Après avoir, à la demande d’Ariane Mnouchkine, dirigé la troupe du Théâtre du Soleil, elle créera en 2008 sa propre compagnie s’orientant également vers la mise en scène d’opéras de La Flûte enchantée à La Traviata. En 2015, elle présentera Don Pasquale à l’Opéra de Vienne. Si ce n’est qu’en juin qu’elle dévoilera sa programmation au TNN, Irina Brook a bien voulu nous ouvrir quelques pistes sur ses envies et motivations…
Ce premier poste de directrice de Théâtre National, c’était une envie ou une sorte d’aboutissement logique ?
Diriger un théâtre public, on ne peut pas dire que c’était vraiment une envie, dans le sens où je me suis toujours sentie plus attiré par les structures alternatives. Mon aventure avec le Théâtre du Soleil à la Cartoucherie en témoigne. Je suis quelqu’un d’atypique qui ne remplissait pas vraiment les cases pour un théâtre public. Mais force est de constater qu’il est aujourd’hui de plus en plus difficile d’exister dans ce domaine. De plus, j’ai un profil assez compliqué, évoluant toujours entre deux univers, à moitié française et anglaise, je ne me suis jamais vraiment posée, ancrée nulle part. A l’âge de 50 ans, je me suis dit qu’il était peut-être temps de réunir ce que j’avais semé un peu partout.
Nice, pourquoi ce choix ?
Cela n’a pu se faire, que parce que c’était Nice précisément. J’ai toujours eu une relation professionnelle passionnelle, intime avec ce théâtre où nous avons beaucoup joué. Tous les deux ans je suis venue y présenter mes créations, et notamment La Bête sur la Lune. J’ai vécu à Nice de fortes expériences et eu de bons rapports avec le public. Alors je me suis dit que c’était le seul endroit où j’aurais envie de me fixer pour une fois.
Avez-vous quelque chose à dire à propos de cette passation qui a connu quelques remous ?
Daniel Benoin a fait un travail remarquable.
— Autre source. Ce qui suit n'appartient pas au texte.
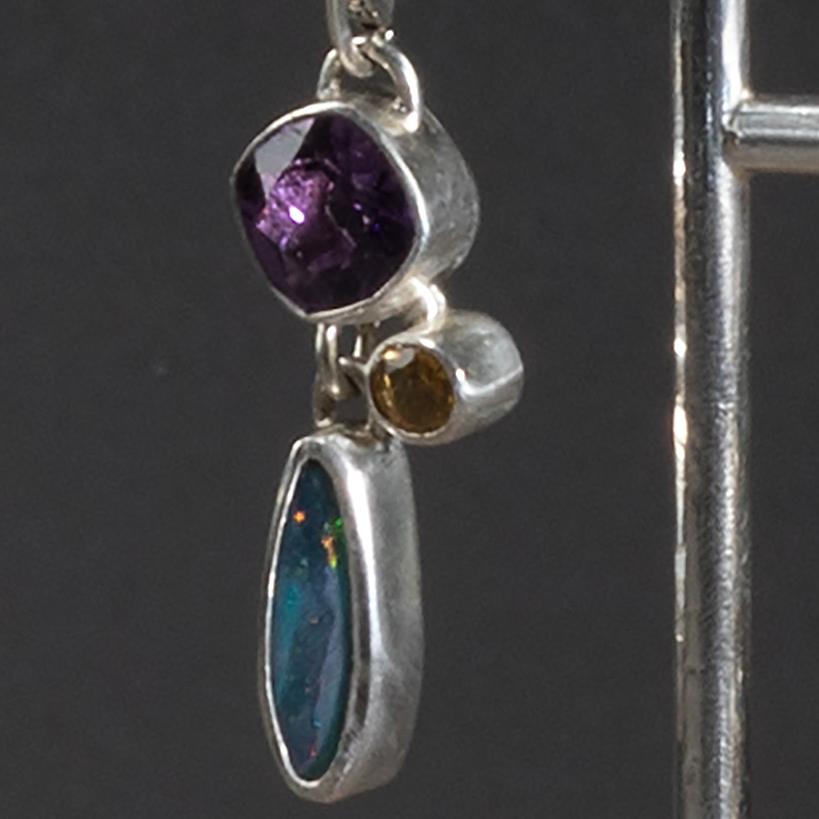 Studio Greytak 'Boulder-Opal-Ohrringe auf Kupfer' Amethyst, Citrin und Peridot Damen im Angebot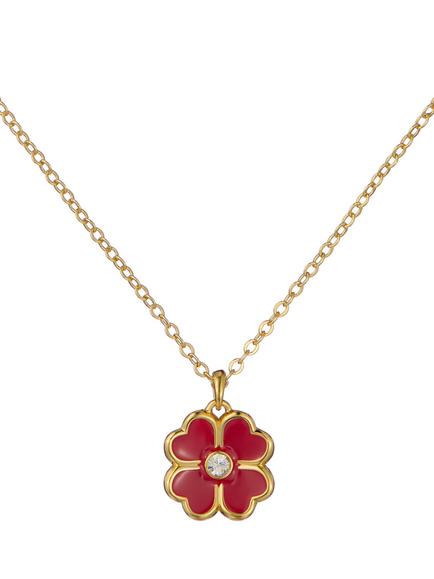 Ted Baker Fern Enamel Flower Pendant Necklace, Gold, Gold Tone, Crystal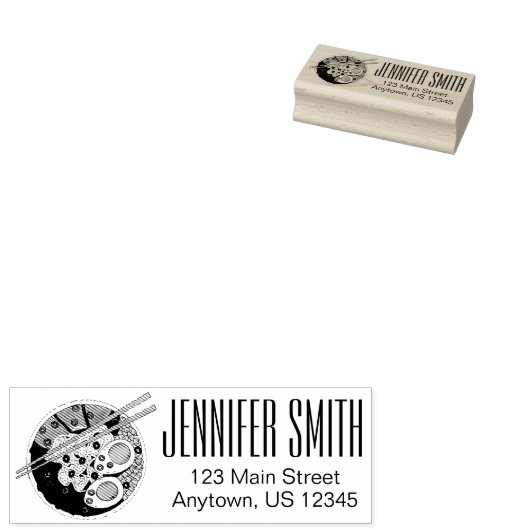 ラーメン日本の食のアドレパーソナライズされたス ラバースタンプ (押印)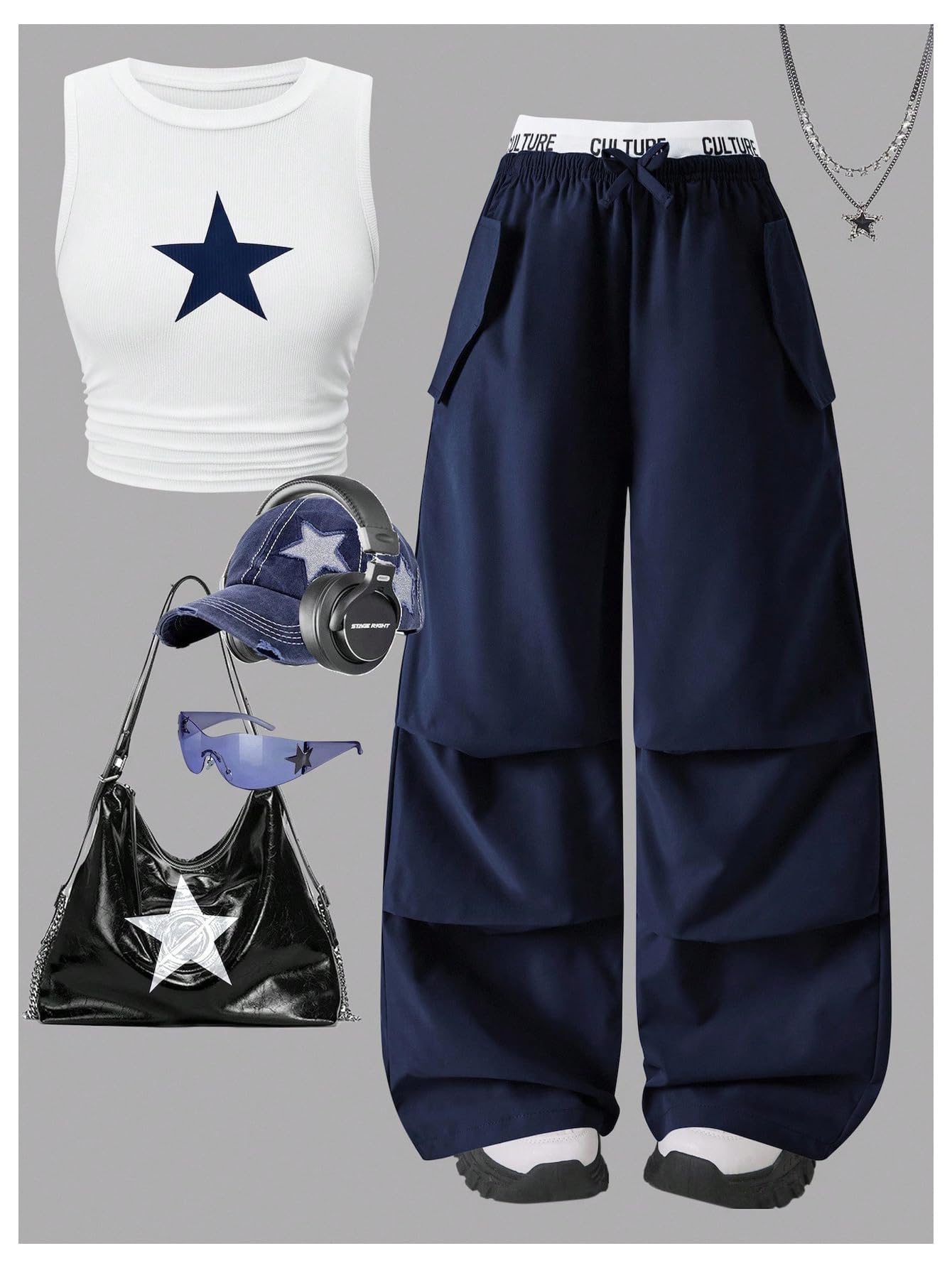 OYOANGLE Girl's 2 Piece Set Y2K Star Graphic Crop Ribbed Knit Tank Top and Letter Ruffled Cargo Pants Sets Streetwear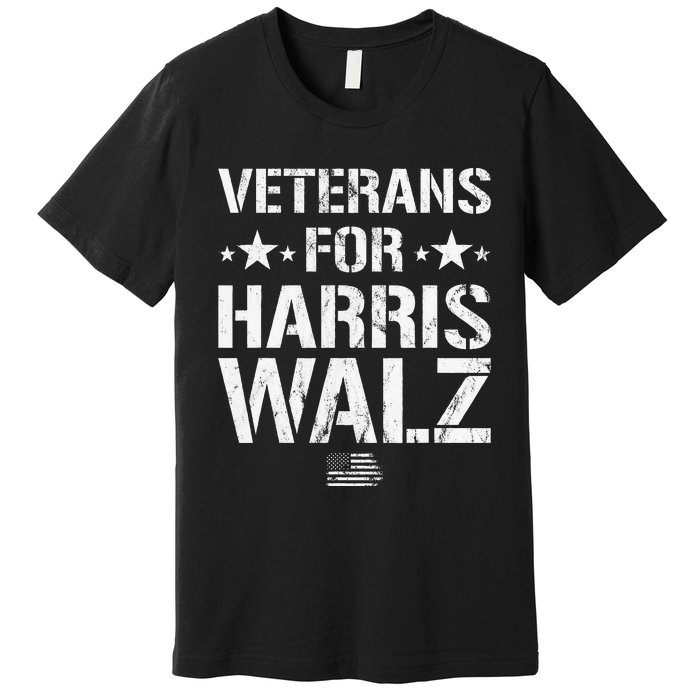 Veterans For Harris 2024 Kamala Harris Tim Walz Veteran Usa Premium T-Shirt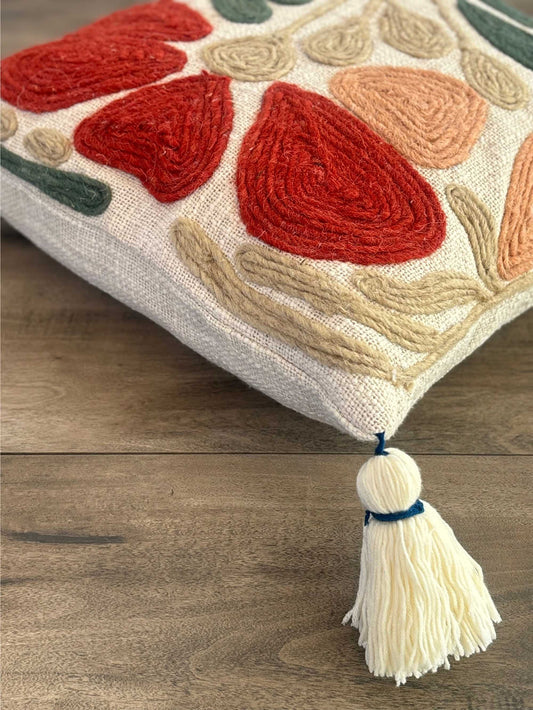 Big Petals Handloom Cushion Cover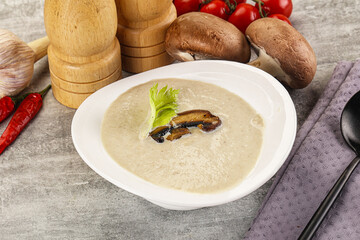 Delicous mushroom champignon cream soup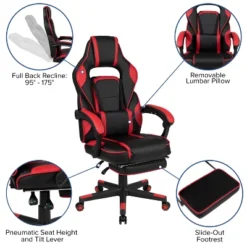 Flash Furniture Gaming Desk With Cup Holder/Headphone Hook & Reclining Back/Arms Gaming Chair With Footrest -Smart Office Sets GUEST 60890070 f226 4a1b b172 c09c9a0d15f9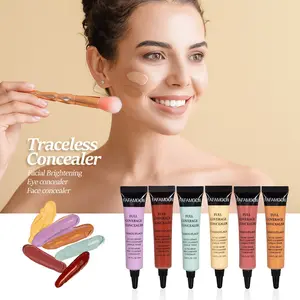 6-Color Liquid Concealer, Covers Dark Circles and Blemishes, Moisturizing Lightweight Formula, Waterproof and Sweatproof, Perfect Makeup Finish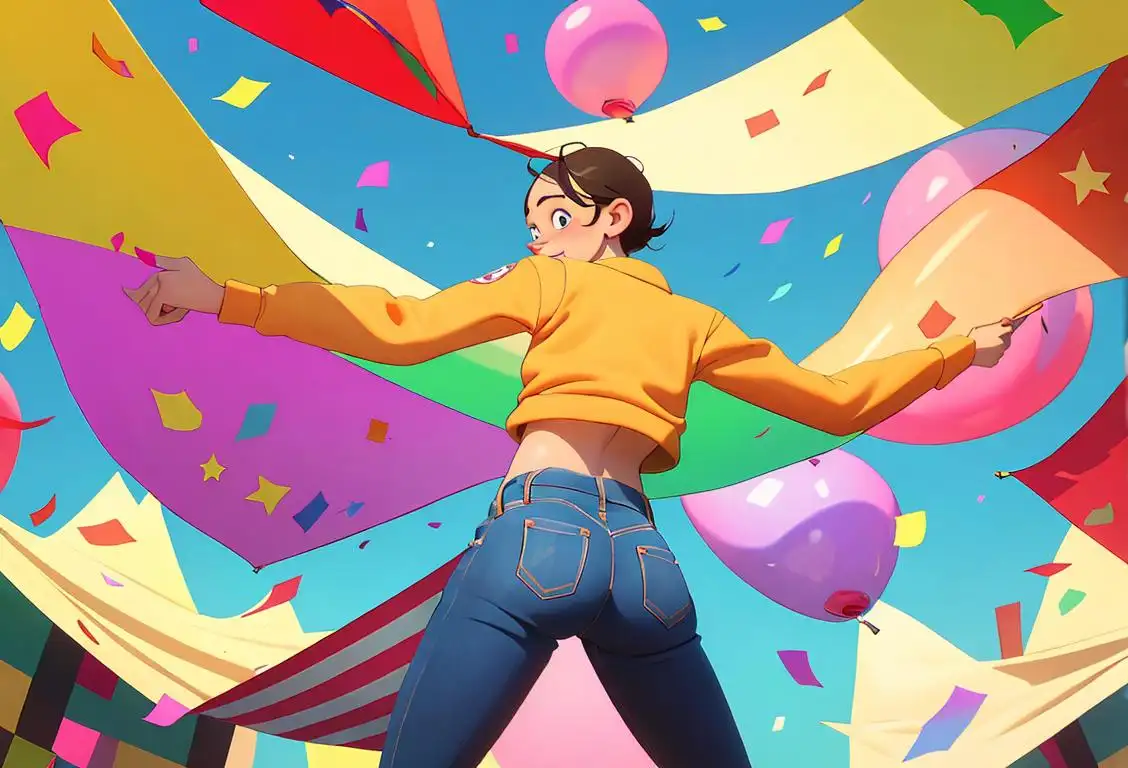 Cheerful individual in casual attire, holding a 'Flat Ass' banner surrounded by colorful confetti and a lively parade float in the background..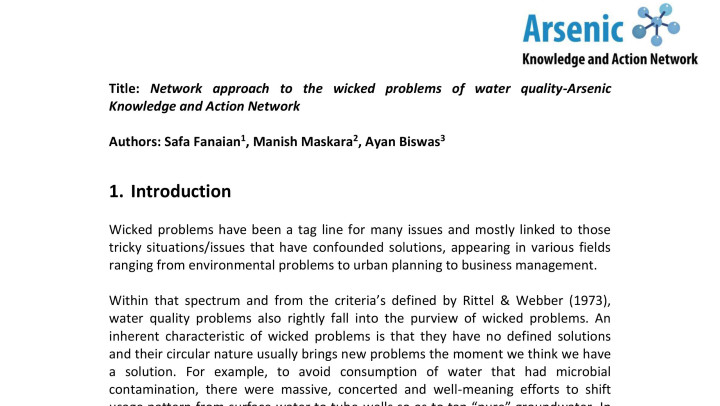 Network approach to the wicked problems of water quality-Arsenic Knowledge and Action Network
Et je comprends très bien qu’il soit difficile de quitter un théâtre auquel on a tant donné. Je compatie entièrement. Cela n’est pour personne une situation agréable à vivre, mais c’est la règle pour tous. Maintenant que tout est réglé, je pars d’un très bon pied dans cette nouvelle aventure.
Vos priorités pour la programmation de votre première saison ?
J’y travaille. J’espère pouvoir ouvrir sur de la nouveauté. J’ai grande confiance dans le public. Mon seul critère : offrir des spectacles riches émotionnellement. Je ne suis pas dans la noirceur ou le cynisme. Mes goûts personnels sont extrêmement populaires. Cela m’a d’ailleurs parfois desservi auprès d’une certaine intelligentsia, mais j’aime faire partager ces choses.
Comment doit-on prendre en compte dans une programmation la spécificité d’un lieu, d’un public ?
Je ne pourrai vraiment répondre à cette question que dans un an. Après, le théâtre reste un langage universel. Avec ma compagnie je n’ai pas fait différemment à Londres ou à New York. J’ai travaillé un peu partout et pour moi, un public, ce n’est jamais que des hommes et des femmes avec des sensibilités différentes, ici comme ailleurs.
Cette programmation sera-t-elle ouverte à tous les arts de la scène ?
Pour moi le théâtre est un art vivant qui englobe plusieurs disciplines, formes d’expression : musique, danse etc. J’aime personnellement pratiquer les mélanges, le fruit d’un mélange est toujours plus riche. Je suis passionnée de musique. Elle occupe beaucoup d’importance dans mon travail. Il ne faut jamais perdre de vue que le meilleur moyen de faire un cadeau c’est de donner ce que l’on aime soit même. C’est dans cet esprit que je travaillerai sur cette programmation.
La part de création du TNN sera-t-elle la même ?
C’est une obligation inscrite dans le cahier des charges Et ce n’est certainement pas quelqu’un comme moi qui dérogerait à cette règle. Mais elle se fera en partage avec d’autres artistes et créateurs, ouverts à l’international.
Avec les compagnies locales aussi ?
Bien évidemment, car il est naturel et indispensable d’ancrer le TNN dans le tissu local. Mais je pourrai en dévoiler davantage quand j’aurais rencontré tous les acteurs.
Pensez-vous également réaliser des mises en scène pour l’opéra comme vous l’avez déjà fait à plusieurs reprises ?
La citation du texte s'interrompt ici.